After the rug is rinsed, fold the rug into sections. Then, walk on what would be the rug's bottom surface. This "wrings" out much of the excess water. You will probably need an assistant to help you lift the rug from the floor and place in to you trunk or back of van or pick-up. Take the rug directly to your clothesline, clean concrete or other flat surface. In our case, we stretch our rug over three clothesline lines. On a hot day like today, 100 degees plus, the whole rug will be throughly dry within just a few hours. Cooler, damper days wil require more drying time.
Once you lay the rug down on your floor, it is a good idea to vacuum it so that the dirt that has been lifted to the surface will be sucked off of it.
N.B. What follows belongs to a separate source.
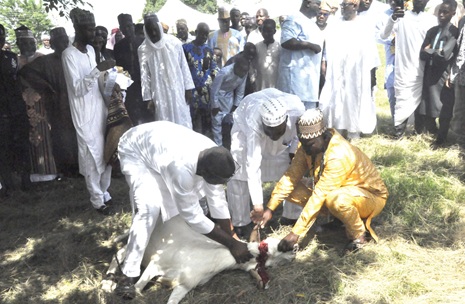 Alhaji Ali Mohamed (middle), the officiating Imam, slaughtering the ram Alhaji Ali Mohamed (middle), the officiating Imam, slaughtering the ram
Of course, if your area rug is to be dry cleaned only, I would not recommend this technique.
In our case, we are really pleased with our end results today. There doesn't appear to be any dirt residue anywhere. Lint that we had not been able to get up with our Kirby, just floated until it formed little blls with other lint. It then was moved completely off of the fabric and down the water drain. Anytime that we shampoo our rugs like this, any negative odor is removed.
Anyway, just thought that you might be interested in doing this sometime if you ever have dirt that cannot be removed with an ordinary steam cleaner for rugs.